What is expected - Once you have located the line containing "Thumbnail: 2021 Tesla Model 3 - 11" in the material below, return it exactly along with each line after it through the line containing "2023 Volkswagen Tiguan S".

Material provided -

- - - - - - -

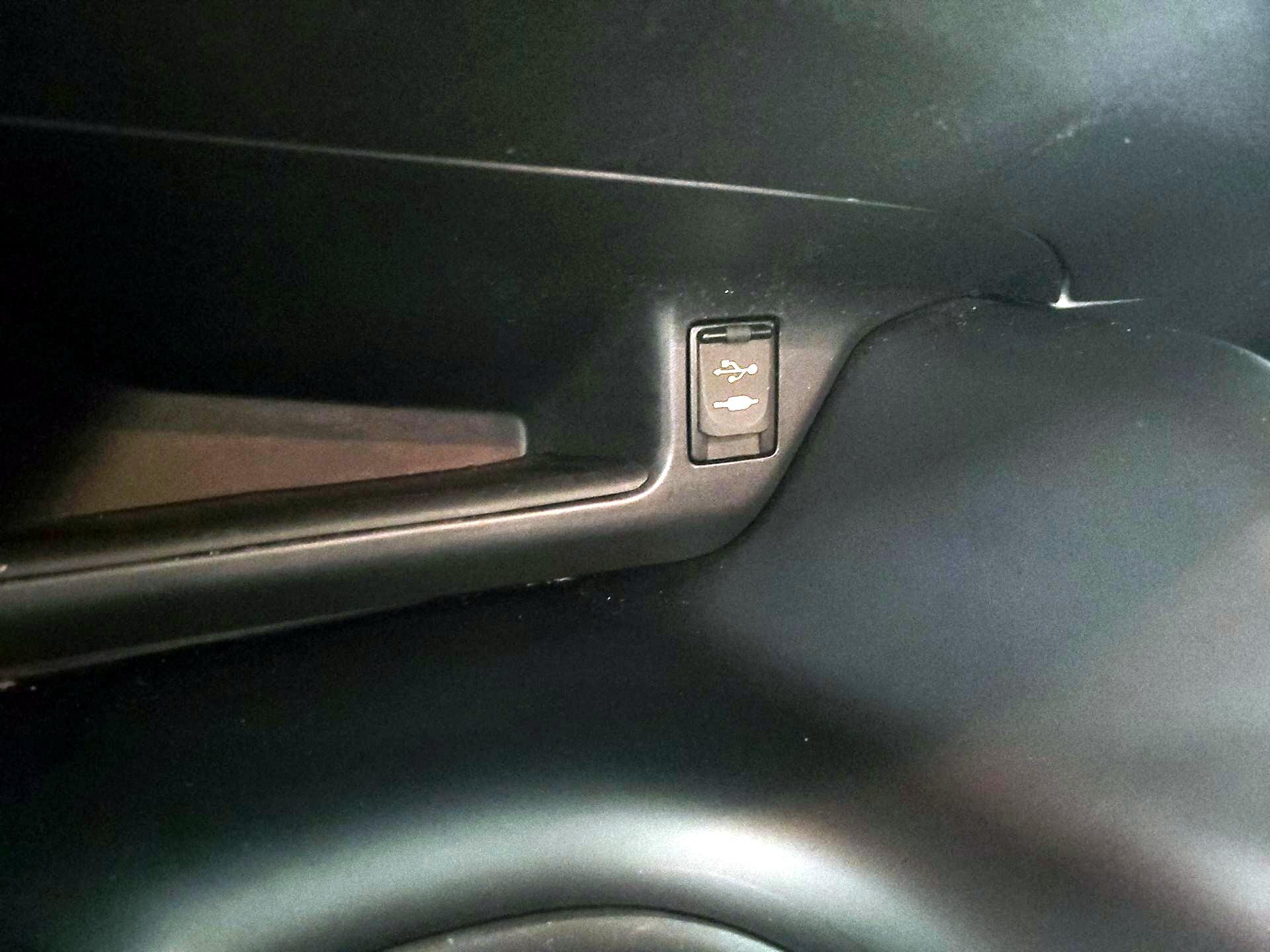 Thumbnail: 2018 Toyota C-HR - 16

- - - - - - -

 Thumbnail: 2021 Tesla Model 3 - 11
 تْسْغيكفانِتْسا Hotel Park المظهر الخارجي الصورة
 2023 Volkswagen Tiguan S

- - - - - - -

Task result -
 Thumbnail: 2021 Tesla Model 3 - 11
 تْسْغيكفانِتْسا Hotel Park المظهر الخارجي الصورة
 2023 Volkswagen Tiguan S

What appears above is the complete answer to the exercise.